I would argue that your fiberglass rod you have is far better than a lot of the expensive marketing rods that are being suggested. I may be a little bias since I pretty much fish only fiberglass but the fenwick rods are truly great rods. (That is why I asked). What model is the rod or can you put up a pic? Plus you mentioned the rod was given to you by your grandfather so that rod has mojo too!


----------



## D.C. (Mar 25, 2012)

ARReflections said:


> DC,
> 
> I would argue that your fiberglass rod you have is far better than a lot of the expensive marketing rods that are being suggested. I may be a little bias since I pretty much fish only fiberglass but the fenwick rods are truly great rods. (That is why I asked). What model is the rod or can you put up a pic? Plus you mentioned the rod was given to you by your grandfather so that rod has mojo too!

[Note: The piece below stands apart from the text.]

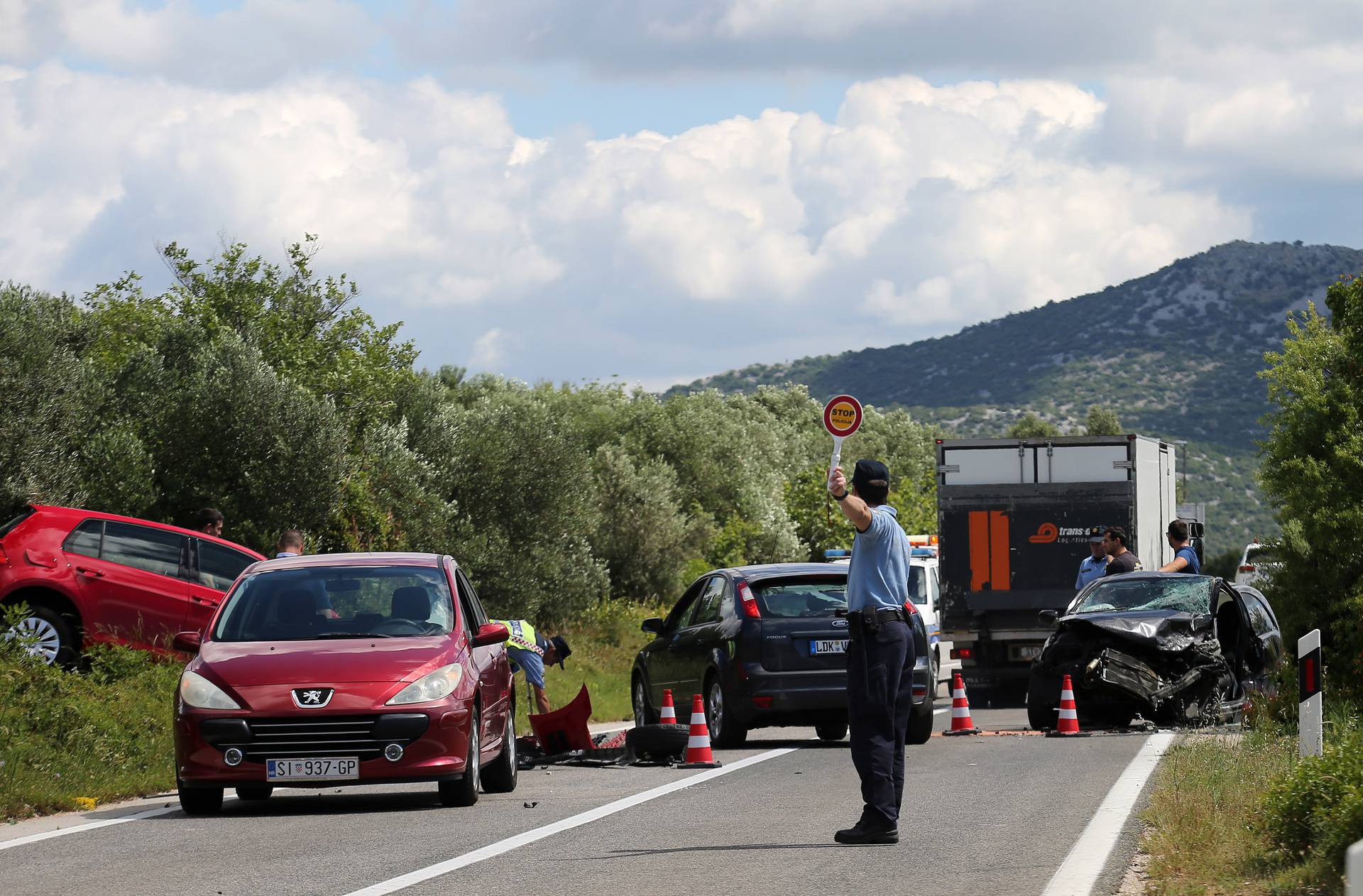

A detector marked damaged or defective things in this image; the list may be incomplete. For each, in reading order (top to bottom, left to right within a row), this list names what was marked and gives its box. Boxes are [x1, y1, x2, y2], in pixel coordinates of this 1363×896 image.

I am not sure on the make because the markings are wore pretty bad but I think I see a really faded eagle image which leads me to believe it is a fenwick. I am not sure what weight it is either.
Don't get me wrong it is not that I don't like the rod but I think it might be holding me back on being able to become better at fly fishing. 
This rod will become a wall hanger in my living room with some of my other nostalgic fishing memorabilia.


----------



## jkurtz7 (Jan 17, 2008)

Darryl, don't run off and buy anything before we talk. I will make sure you are outfitted properly. 

As for the old glass rod, it may well be a nice vintage rod, or one of the many old clunkers that were made during the glass period. 

You don't have to drive very far to get to a shop either. TMF Sport Shop is up in Ravenna, but I don't recommend going alone and simply buying something on the shops recommendation either.


----------



## D.C. (Mar 25, 2012)

jkurtz7 said:


> Darryl, don't run off and buy anything before we talk. I will make sure you are outfitted properly.
> 
> As for the old glass rod, it may well be a nice vintage rod, or one of the many old clunkers that were made during the glass period.
> 
> You don't have to drive very far to get to a shop either. TMF Sport Shop is up in Ravenna, but I don't recommend going alone and simply buying something on the shops recommendation either.


OK, I will be giving you a call in the next couple of days, I am not quite ready to buy anything yet, I want to do more research and make sure I get what will work best for me before I invest the money. 
Chuck was a great help on getting me headed in the right direction by letting me try some of his rods, I didn't realize there was so much difference in all the rods on the market.

Thanks, Darryl
http://dcmetaldesigns.com/


----------



## rickerd (Jul 16, 2008)

Above all else, have fun picking your weapon of choice. Absolutely try out a rod before buying it. I will put in another plug for TMF in Ravenna. I learned to tie flies there while I was in college in 89 or 90. I know the shop has moved since then and I've only been there a couple times since. 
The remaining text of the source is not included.